Subsequent to the launch of the National Access Plan, the Department established the Programme for Access to Higher Education (PATH) Fund. This Fund comprises dedicated funding to support access to higher education at regional cluster level. The funding will be allocated on a competitive basis to the clusters of higher education to support particular priority areas as determined by the Department.
The Minister for Education and Skills announced €2.5m in Budget 2017 to fund measures to encourage Higher Education Institutions to engage directly with disadvantaged communities in order to attract more disadvantaged students into higher education. The investment over the three years is estimated to cost up to €7.5m.
Following an independent assessment of proposals submitted under Strand 3 (Higher Education Access Fund) of the programme for Access to Higher Education (PATH), Funding is being allocated to regional clusters of HEIs, with indicative Year 1 funding of €1.9 m and indicative funding for 3 years of €5.7m. - funding approval is subject to the submission of revised projects plan which should address budget, evaluation and feedback from the independent assessment panel.

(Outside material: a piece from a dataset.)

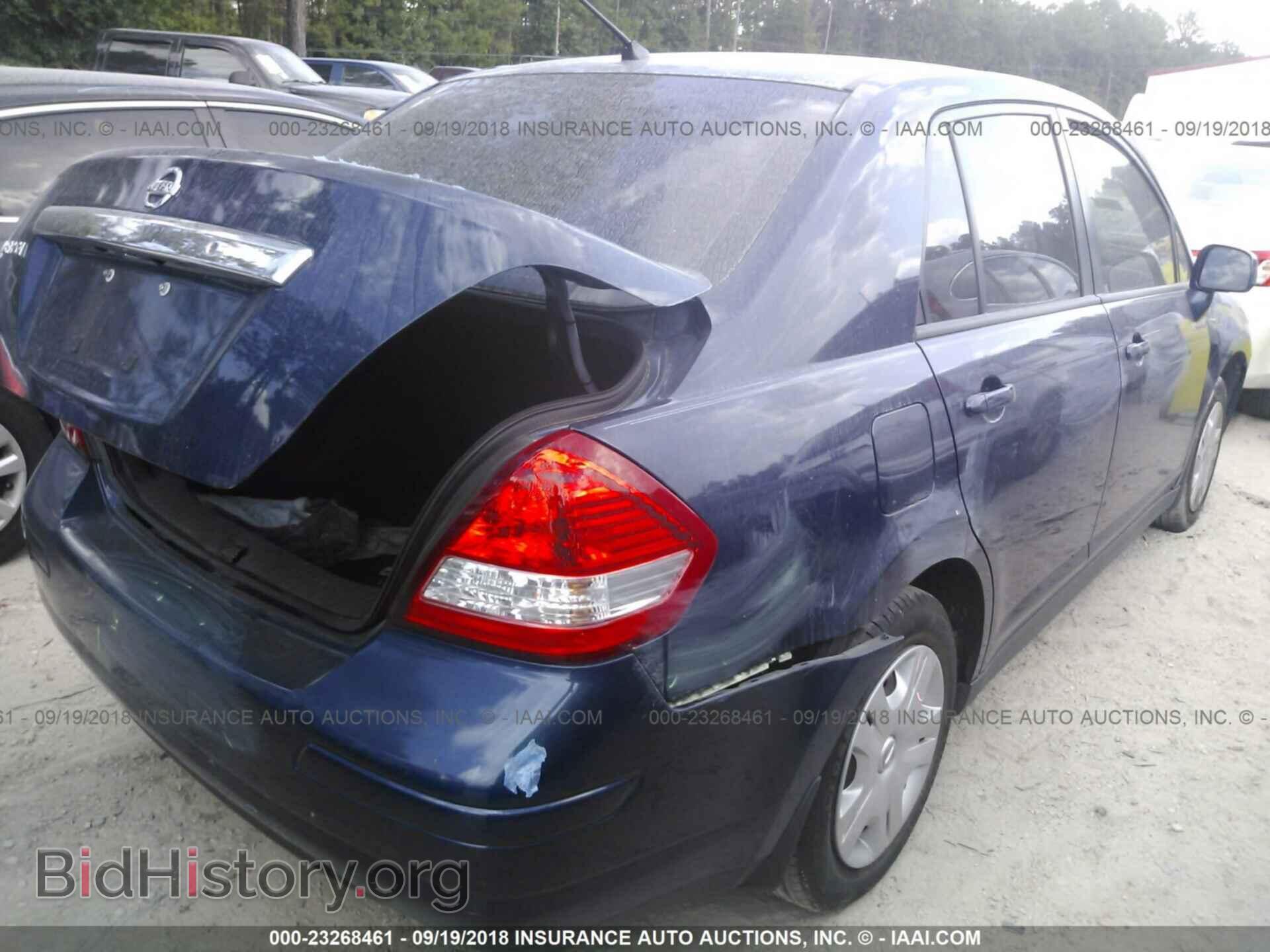 2011 Nissan Versa - VIN: 3N1BC1AP2BL494405 - Фото 4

The four successful clusters are as follows:
- University College Cork
- Cork IT
- IT Tralee
- Waterford IT
- IT Carlow
- University of Limerick
- Mary Immaculate College
- Limerick IT
Dublin/Leinster Pillar 1 –
- University College Dublin
- Trinity College Dublin
- National College of Art and Design
- Marino Institute of Education
- Dun Laoghaire Institute of Art, Design and Technology
Leinster Pillar 2 – Mend
- Dublin City University
- Dundalk IT
- Maynooth University
- Athlone IT
Work on the allocation of the remaining funding is being progressed by the HEA.
Key initiatives to be funded:
Dublin Leinster Pillar II
The proposal College Connect aims to enhance educational aspirations for the most socio-economically disadvantaged people in the region, including Travellers, lone parents, students with a disability and programme refugees, through a participative and sustainable suite of activities and resources to illuminate pathways and provide opportunities into, through and beyond higher education.
Leinster Pillar 1
The project proposes the establishment of a Creative Arts Summer School, an Open Learning initiative, a Mentoring initiative and an inter-generational focus on higher education using a “Learning Cities” approach, targeting Irish Travellers, asylum seekers and refugees, lone parents, and students with a disability.
Regional Cluster South
The proposal is to develop four initiatives to support increased participation; design and deliver an accredited Training for Trainers Special Purpose Award in Traveller Cultural Awareness Training, Enabling Transitions Initiative for students with a disability, a Parental Engagement Programme and a mentoring programme on developing teaching and learning strategies.
Regional Cluster Mid-West
This proposal, Destination College from Shannon Consortium (SC) focuses upon introducing several initiatives designed to increase the number of students from the under-represented groups in Limerick schools participating in HEIs over a three-year period. These groups include students from schools in disadvantaged areas, lone parents, students from a Traveller background and early school leavers.